This project aims to provide the simplest starter-set to watch the TLS behavior for biginners.

Requirements

Setup

Generate a Slef-signed Certificate

You must generate your self-signed certificate like below before start the server. It generates a signed public key cert.pem and its paired private key key.pem under the certs/ directory.
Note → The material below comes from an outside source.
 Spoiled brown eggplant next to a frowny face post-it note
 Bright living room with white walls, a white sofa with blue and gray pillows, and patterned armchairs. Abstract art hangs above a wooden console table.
$ openssl req -x509 -newkey rsa:4096 -keyout certs/key.pem -out certs/cert.pem -days 365 -nodes
Generating a 4096 bit RSA private key
.......................................................................................................................++
..............................................................................++
writing new private key to 'key.pem'
-----
You are about to be asked to enter information that will be incorporated
into your certificate request.
What you are about to enter is what is called a Distinguished Name or a DN.
There are quite a few fields but you can leave some blank
For some fields there will be a default value,
If you enter '.', the field will be left blank.
-----
Country Name (2 letter code) []:.
State or Province Name (full name) []:.
Locality Name (eg, city) []:.
Organization Name (eg, company) []:.
Organizational Unit Name (eg, section) []:.
Common Name (eg, fully qualified host name) []:localhost
Email Address []:.

then you will complete following ingredients.

$ tree
.
├── Caddyfile.http
├── Caddyfile.https
├── README.md
├── certs
│   ├── cert.pem
│   └── key.pem
└── public
    └── index.html

Serve and Send Requests

Start the caddy server by

$ caddy -conf Caddyfile.https

then, in another terminal, you can send a HTTPS request by curl, simply, with --insecure option(it make the client skips verifying the certificate).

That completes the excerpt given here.